Human Exploitation in the United States

By Norman Thomas | Go to book overview

CHAPTER XIV
THE CONSUMER PAYS

Four or five milk wagons break the stillness of the early morning hours rattling over the same streets. Four or five solicitors compete for business in the same block, and offer rival bribes to the apartment house superintendents. In this competition there is no benefit to the quality of milk; that is dependent on the honest enforcement of the law. There is not even an effort to reduce prices; they are fixed by open or tacit agreement by the two or three companies which dominate the situation. For this waste the consumer pays.
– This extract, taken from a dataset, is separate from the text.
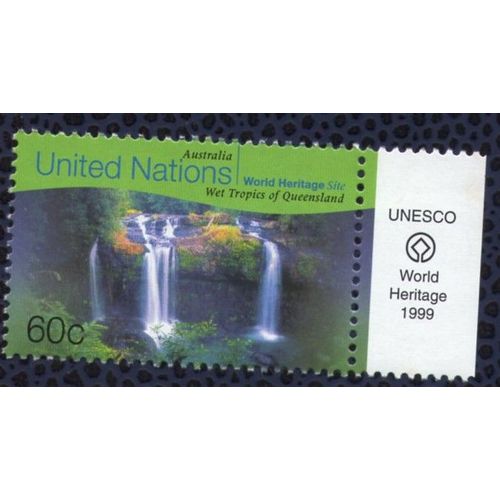 Nations Unies 1999 Onu Neuf World Heritage Wet Tropics Of Queensland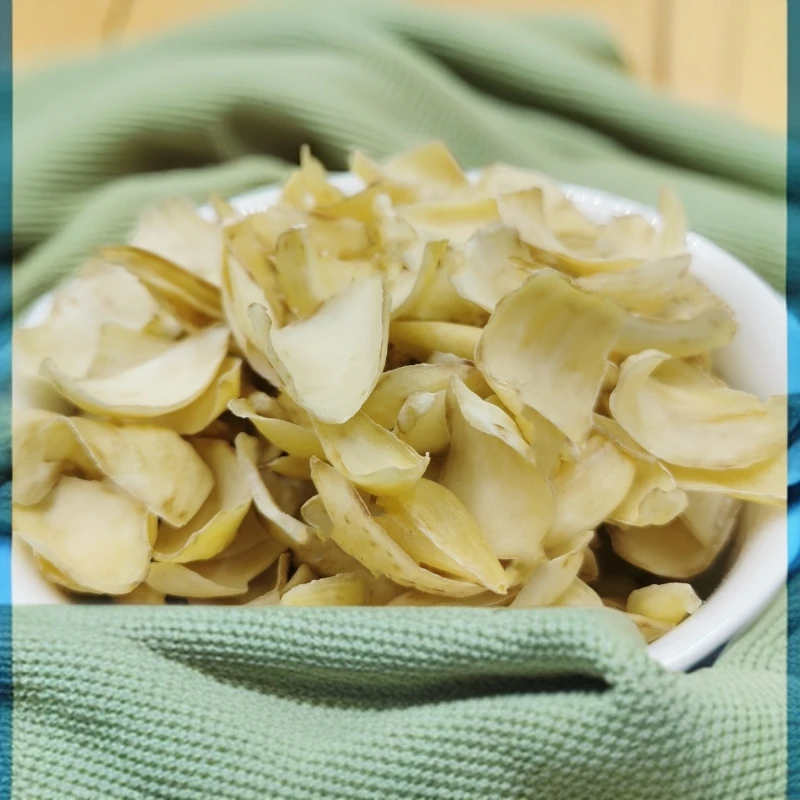 湖南精选大片百合干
Landlords, speculative builders, realtors, banks and mortgage companies have tumbled over one another in a wild scramble for the profits of housing America. The result is that we, a nation of builders, live in flimsy houses and shacks and slums. For the wastes and extortion inherent in the great game of real estate against housing the consumer pays.

The electric power industry builds on top of the operating companies a bewildering and unstable pyramid of holding companies, each seeking to enhance the profits of the insiders. The whole process, according to Stephen Raushenbush, costs the American public an unnecessary million dollars a day. The consumer pays. He pays not only in a price for electricity in his home at least three times what his neighbor pays in Canada; often he pays in his inability to get power at all.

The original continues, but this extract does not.